Romarias Quaresmais em exposição em São Vicente

Tânia R. Nascimento

A exposição “Romeiros da Quaresma” vai ser inaugurada no próximo dia 20 de janeiro, pelas 17 horas, no Centro de Promoção Cultural de São Vicente.

Um comunicado da Câmara Municipal de São VIcente avança que, após a exposição, segue-se a visualização do documentário “Irmãos”, realizado por Pedro Magano, pelas 18h30, na Escola Agrícola da Madeira.
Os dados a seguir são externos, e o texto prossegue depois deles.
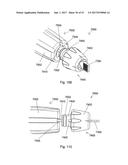IMPLANT PLACEMENT SYSTEMS, DEVICES AND METHODS diagram and image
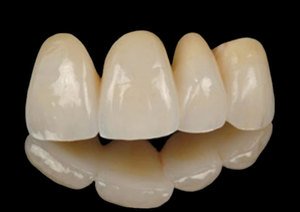 Керамические коронки наиболее похожи на натуральные зубы.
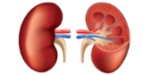 Insuficiencia renal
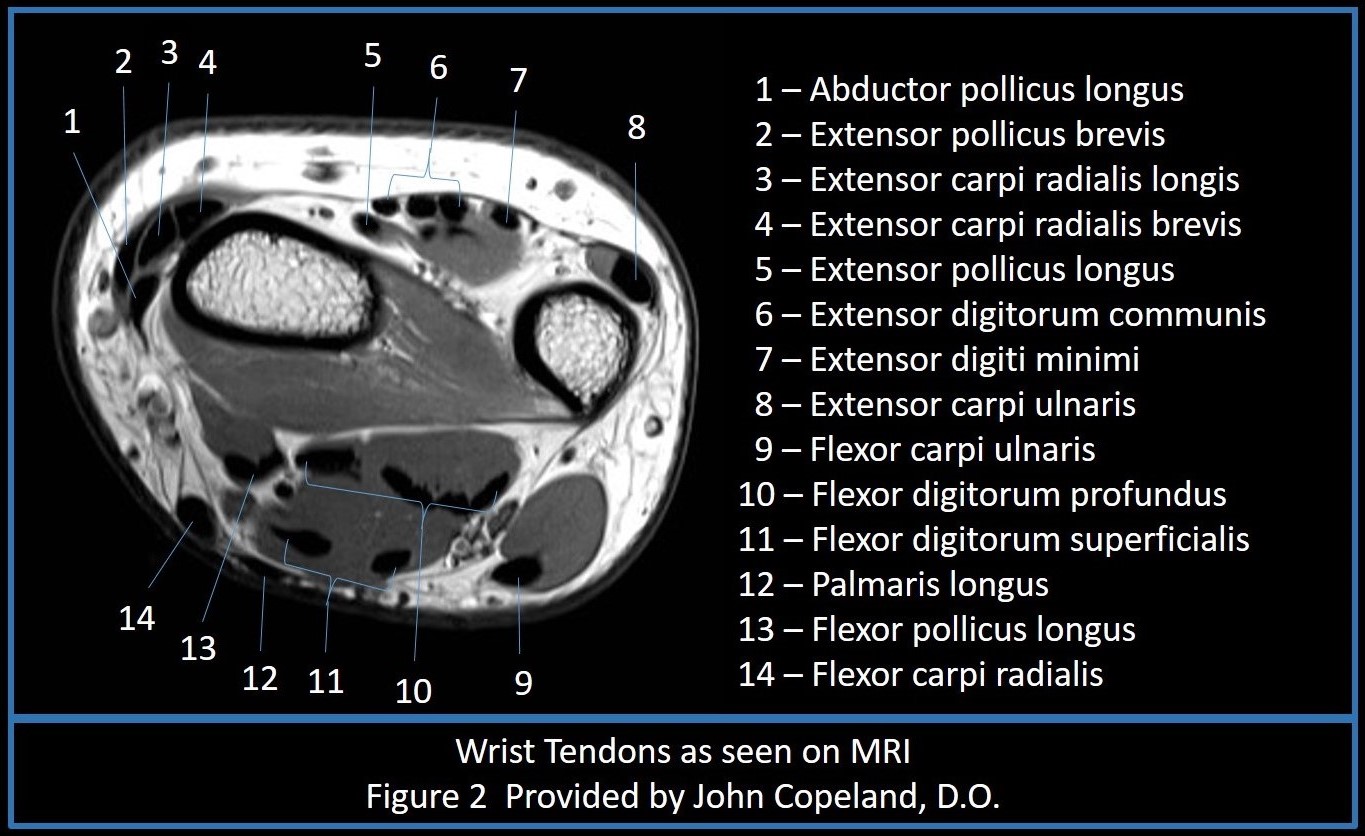 Wrist MRI with labeled tendons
A exposição é organizada pela Confraria dos Caminheiros de São Vicente, mais concretamente por Duarte Mendes, João Silva e António Maria Brazão em parceria com o Centro de Promoção Cultural de São Vicente, e consiste numa recolha fotográfica, peças e artefactos utilizados nas Romarias Quaresmais, referentes à participação da Confraria dos Caminheiros nas mesmas.

Os caminheiros vicentinos juntam-se ao Rancho de Romeiros de São Jorge e Nossa Senhora da Luz, Pedreira /Vila do Nordeste, Concelho do Nordeste e São Miguel, Açores, desde 2008.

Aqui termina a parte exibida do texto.